Benz: Top Four Resolutions for Investors in 2011

Morningstar's director of personal finance offers tips for equity and fixed-income investors in the new year.

Jason Stipp: I'm Jason Stipp for Morningstar.

As 2011 gets under way, we know a lot of investors will be checking in on their portfolios, so now is as good a time as any to make a few resolutions about how you'll be managing your investments in the New Year.

Here with me to offer some tips on that front is Morningstar's Christine Benz, director of personal finance.

Thanks for joining me, Christine.

Christine Benz: Jason, great to be here.

Stipp: So, Christine, I think around this time of year, we would say there are few key pieces of investing advice that should always be on your resolution list. What are some of those evergreen things that you should always be keeping in mind?

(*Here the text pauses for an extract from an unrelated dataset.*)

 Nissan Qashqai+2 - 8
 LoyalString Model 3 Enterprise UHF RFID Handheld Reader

Benz: Right, so the equivalent of eating well and exercising for investors; that would be savings and investing as much as you possibly can, having a sensible asset allocation framework given where you are in your life, and not chasing performance. Those would be some of the key things that I would look at in terms of evergreen-type investment advice.

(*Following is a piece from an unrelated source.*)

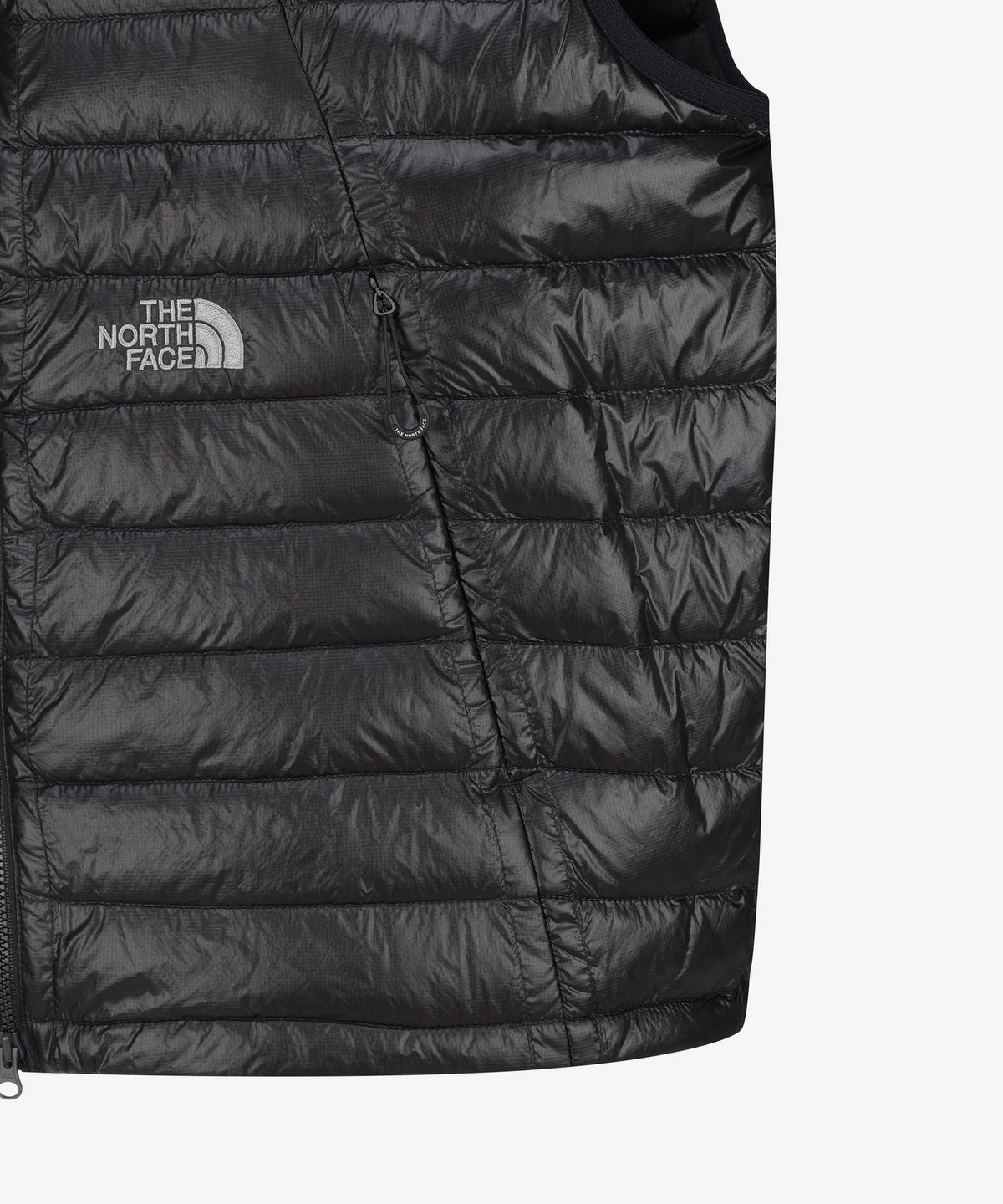 노스페이스(THE NORTH FACE) NV1DS51J 칼릭스 라이트 다운 베스트 (RDS) BLACK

Stipp: Very classic investing rules, but always good to remind yourself of those.

But right now given some things that have happened in the market over the last couple of years and where we see ourselves today, there are some specific resolutions that you might want to have on your list for 2011.

The first one: Let's talk about market performance and where it's been and how that might affect your resolutions going forward into the New Year.

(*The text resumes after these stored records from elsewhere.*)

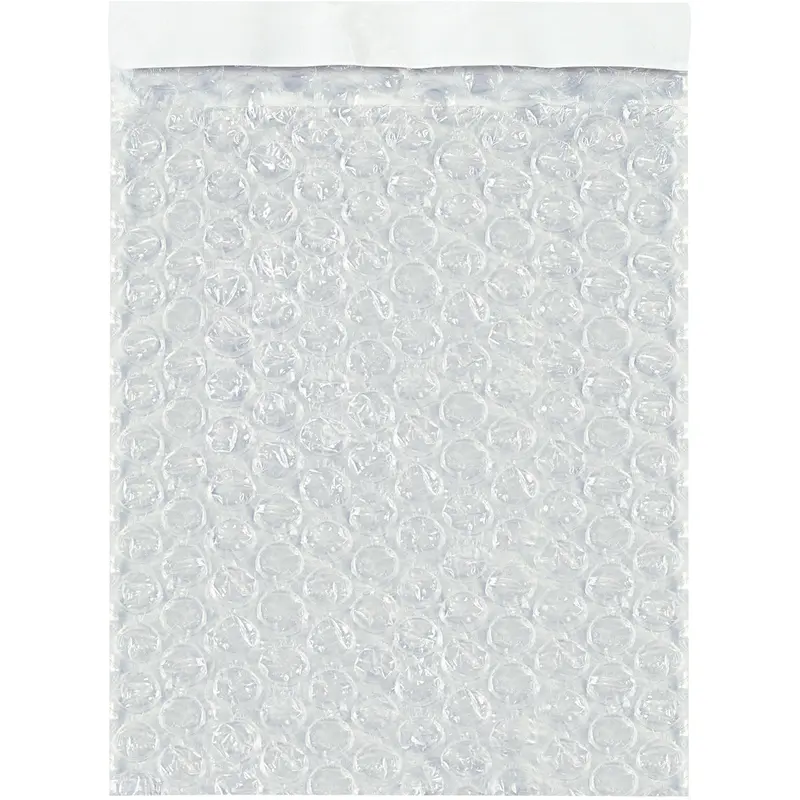 15 x 15 1/2 Self-Seal Bubble Bags (3/16" Thick) 150/Case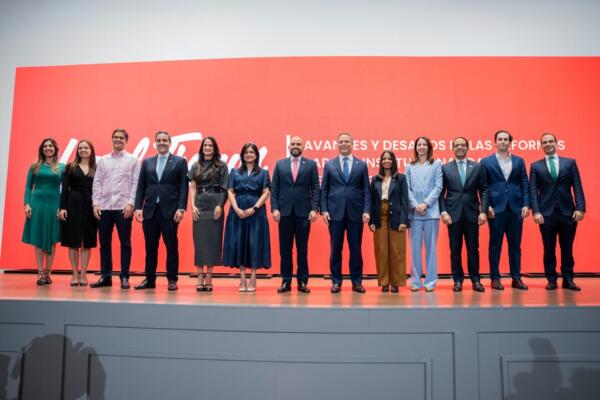 Legal Trends 2026 lo dedicaron a la memoria del jurista y catedrático Juan Manuel Guerrero.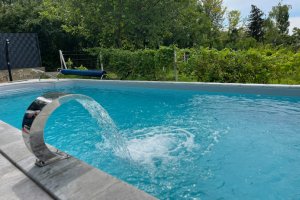 Eigenheim mit Swimmingpool: Von der Baugrunduntersuchung bis zur technischen Ausstattung - Bild: Dejan PoΔek / Unsplash Eigenheim mit Swimmingpool: Von der Baugrunduntersuchung bis zur technischen Ausstattung - Bild: Dejan PoΔek / Unsplash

Benz: So stocks have had a tremendous run over the past few years now, so relating to stocks I would say your key resolution should be to take it slow. So don't pile into stocks. Don't chase the hottest-performing stock categories. Really plan to take a measured approach to stocks. When we look at the broad markets, certainly according to Morningstar's stock analysts, they see it as pretty fairly valued currently.

So, I think dollar-cost averaging makes more sense than ever right now, and also look at some of those categories that are kind of slow-lane fund and stock categories, so large-cap stocks, for example, have not performed especially well relative to small and mid-caps.

It could be worth maybe tweaking your portfolio to give it a greater emphasis on some of those categories, not just with U.S. stocks, but also foreign stocks.

Stipp: So, certainly a measured approach is a good one if nothing looks screamingly cheap right now.

On the fixed-income front, we've had some bumps in the road over the last couple of months, and I think a lot of Morningstar readers are very concerned about their bond portfolios right now. If you had a resolution for fixed income, what would it be?